- _What is being asked_: Repeat the records below word for word.

- _Given records_:
──────
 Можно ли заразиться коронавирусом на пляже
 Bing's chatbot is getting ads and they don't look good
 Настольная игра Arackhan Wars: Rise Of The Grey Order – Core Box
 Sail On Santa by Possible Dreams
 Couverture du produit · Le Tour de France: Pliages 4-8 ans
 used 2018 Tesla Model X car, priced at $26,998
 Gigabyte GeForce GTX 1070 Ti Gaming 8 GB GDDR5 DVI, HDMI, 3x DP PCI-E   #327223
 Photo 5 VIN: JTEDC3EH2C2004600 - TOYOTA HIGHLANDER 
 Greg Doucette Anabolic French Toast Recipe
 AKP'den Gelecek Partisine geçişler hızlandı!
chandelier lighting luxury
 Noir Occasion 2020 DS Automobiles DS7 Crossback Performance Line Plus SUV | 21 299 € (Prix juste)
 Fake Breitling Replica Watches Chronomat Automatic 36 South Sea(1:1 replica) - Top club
──────
- _Your solution_:
 Можно ли заразиться коронавирусом на пляже
 Bing's chatbot is getting ads and they don't look good
 Настольная игра Arackhan Wars: Rise Of The Grey Order – Core Box
 Sail On Santa by Possible Dreams
 Couverture du produit · Le Tour de France: Pliages 4-8 ans
 used 2018 Tesla Model X car, priced at $26,998
 Gigabyte GeForce GTX 1070 Ti Gaming 8 GB GDDR5 DVI, HDMI, 3x DP PCI-E   #327223
 Photo 5 VIN: JTEDC3EH2C2004600 - TOYOTA HIGHLANDER 
 Greg Doucette Anabolic French Toast Recipe
 AKP'den Gelecek Partisine geçişler hızlandı!
chandelier lighting luxury
 Noir Occasion 2020 DS Automobiles DS7 Crossback Performance Line Plus SUV | 21 299 € (Prix juste)
 Fake Breitling Replica Watches Chronomat Automatic 36 South Sea(1:1 replica) - Top club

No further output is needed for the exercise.